Light-responsive polymers are generally polymers the solubility of which, in solvent, changes dramatically when irradiated with light. They come in types: a type that dissolves in solvent when irradiated with visible light, but becomes insoluble when irradiated with ultraviolet radiation, and a type that dissolves when irradiated with ultraviolet radiation but becomes insoluble when irradiated with visible light. The mechanism by which light-responsive polymers exhibit responsiveness is a change in the polarity of the polymer due to a cis (soluble)-trans (aggregation) isomerization reaction of azobenzen and azopyridine.

The average molecular weight of the light-responsive polymer is not specifically limited. By way of example, the number average molecular weight falls within a range of 1,000 to 30,000, desirably within a range of 1,000 to 20,000, preferably within a range of 1,000 to 10,000, and more preferably, within a range of 1,000 to 8,000. However, limitation to within this range is not intended. The average molecular weight of the light-responsive polymer can be measured, for example, by GPC (chloroform).

Examples of light-responsive polymers are poly(N-alkylacrylamide)/poly{6-[4-(4-pyridylazo)phenoxy]hexamethacrylate copolymers, poly(N-alkylacrylamide)/poly[n-(4-phenylazophenyl)acrylamide]copolymers, and poly{4-[2-(vinyloxy)ethoxy]azobenzene}/poly[2-(2-ethoxy)ethoxyethylvinylether]block copolymers.

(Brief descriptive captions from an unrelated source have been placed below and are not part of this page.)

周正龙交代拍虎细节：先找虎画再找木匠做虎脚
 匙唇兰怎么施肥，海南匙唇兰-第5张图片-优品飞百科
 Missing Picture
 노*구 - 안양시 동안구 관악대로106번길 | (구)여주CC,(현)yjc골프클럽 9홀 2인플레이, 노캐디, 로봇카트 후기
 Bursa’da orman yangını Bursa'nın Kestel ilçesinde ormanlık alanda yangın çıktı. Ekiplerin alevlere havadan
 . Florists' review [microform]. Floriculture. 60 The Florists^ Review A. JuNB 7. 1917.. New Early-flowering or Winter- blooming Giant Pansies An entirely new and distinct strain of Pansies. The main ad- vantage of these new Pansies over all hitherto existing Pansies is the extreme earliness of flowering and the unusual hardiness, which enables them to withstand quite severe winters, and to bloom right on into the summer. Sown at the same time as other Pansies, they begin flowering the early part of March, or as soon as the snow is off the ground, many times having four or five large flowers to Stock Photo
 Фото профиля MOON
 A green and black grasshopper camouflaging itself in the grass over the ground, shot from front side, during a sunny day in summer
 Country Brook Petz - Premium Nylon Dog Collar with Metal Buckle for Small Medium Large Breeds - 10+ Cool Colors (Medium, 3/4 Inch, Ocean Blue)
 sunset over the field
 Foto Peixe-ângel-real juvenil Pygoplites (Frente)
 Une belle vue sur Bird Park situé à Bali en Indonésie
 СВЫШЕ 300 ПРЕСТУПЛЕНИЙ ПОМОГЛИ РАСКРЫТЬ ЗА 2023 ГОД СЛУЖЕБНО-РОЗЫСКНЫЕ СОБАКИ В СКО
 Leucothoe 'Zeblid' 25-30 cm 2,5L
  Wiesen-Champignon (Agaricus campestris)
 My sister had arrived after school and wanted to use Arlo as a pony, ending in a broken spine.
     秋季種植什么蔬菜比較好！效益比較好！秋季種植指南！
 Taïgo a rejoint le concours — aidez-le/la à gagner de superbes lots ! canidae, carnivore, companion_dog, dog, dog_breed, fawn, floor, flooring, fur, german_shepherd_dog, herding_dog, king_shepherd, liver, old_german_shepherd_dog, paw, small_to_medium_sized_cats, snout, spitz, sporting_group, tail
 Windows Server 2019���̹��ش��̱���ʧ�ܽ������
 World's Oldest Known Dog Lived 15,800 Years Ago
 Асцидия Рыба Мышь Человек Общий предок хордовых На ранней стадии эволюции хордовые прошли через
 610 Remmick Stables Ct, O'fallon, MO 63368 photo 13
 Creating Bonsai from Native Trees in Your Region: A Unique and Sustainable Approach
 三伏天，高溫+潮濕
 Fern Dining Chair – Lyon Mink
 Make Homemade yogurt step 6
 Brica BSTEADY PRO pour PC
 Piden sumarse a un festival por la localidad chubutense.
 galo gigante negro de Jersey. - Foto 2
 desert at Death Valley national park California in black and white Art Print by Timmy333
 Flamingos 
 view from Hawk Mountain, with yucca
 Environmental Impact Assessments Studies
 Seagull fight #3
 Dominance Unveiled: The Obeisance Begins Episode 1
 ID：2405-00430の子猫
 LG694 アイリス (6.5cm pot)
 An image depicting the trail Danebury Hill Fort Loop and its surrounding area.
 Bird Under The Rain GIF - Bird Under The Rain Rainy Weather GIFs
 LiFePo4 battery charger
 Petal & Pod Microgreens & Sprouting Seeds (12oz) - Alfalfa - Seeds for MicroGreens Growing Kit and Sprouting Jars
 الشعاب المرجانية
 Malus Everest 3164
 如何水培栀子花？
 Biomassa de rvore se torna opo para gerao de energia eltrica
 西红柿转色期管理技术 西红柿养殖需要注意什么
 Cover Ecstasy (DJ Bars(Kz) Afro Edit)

In the present invention, the light-responsive polymer is not specifically limited. An example is a poly(N-alkylacrylamide) in the form of a poly-n-isopropylacrylamide (PNIPAM)/poly{6-[4-(-pyridylazo)phenoxy]hexamethacrylate copolymer. Poly-n-isopropylacrylamide (PNIPAM)/poly{6-[4-(-pyridylazo)phenoxy]hexamethacrylate copolymer is desirable as a DDS material because it is possible to change the polar solvent in which it is soluble by means of the copolymerization ratio.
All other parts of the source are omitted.